Murphy's score for 28 Weeks Later similarly offers little to me as heard away from the film, although it may well be effective on screen, though I don't hold out any great hopes. Again it is often atonal in nature, and perhaps even more experimental, relying mostly on a small core of musicians, but adding choir samples, a string section and featuring the unusual sound of the Zither-like Hakbrett, which had its heyday in the '60s, as employed by the likes of John Barry and Roy Budd, as well as the Mellotron, used by the Beatles on songs like "Strawberry Fields. Much of the resulting music was then processed to give it a "raw, unpolished sound."

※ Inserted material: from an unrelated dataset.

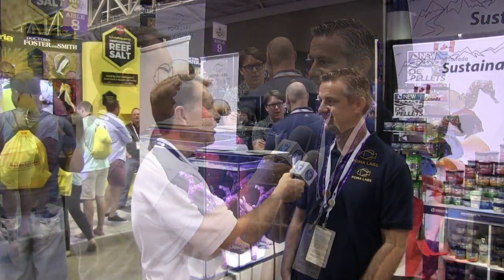Hi everybody, John here with another FinCast. We're at MACNA 2017 in New Orleans and I'm with Matt Wittenrich, who kind of disappeared from the hobby, but he's been one of the leading researchers in aquaculture in the hobby for a long, long time. You've got a new venture called Poma Labs. It's actually the family of the fish — the family is Pomacanthidae, so Poma is short for that.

Murphy reprises his key melodies from the first film, his "Virus Theme" and the "28 Theme," which is undoubtedly the most memorable piece of music from 28 Days, a steady, guitar-lead builder. The album's final cue, "Hymn to England" offers an optimistic conclusion at least.
If you're not a fan of the film, and are therefore unfamiliar with Murphy's music, go to to check out some samples. Maybe this score will be more to your liking and move you to order your copy. I can certainly recommend the booklet, which is quite excellent and I love the idea of including an audio interview with the composer. If only more scores could be so lovingly presented.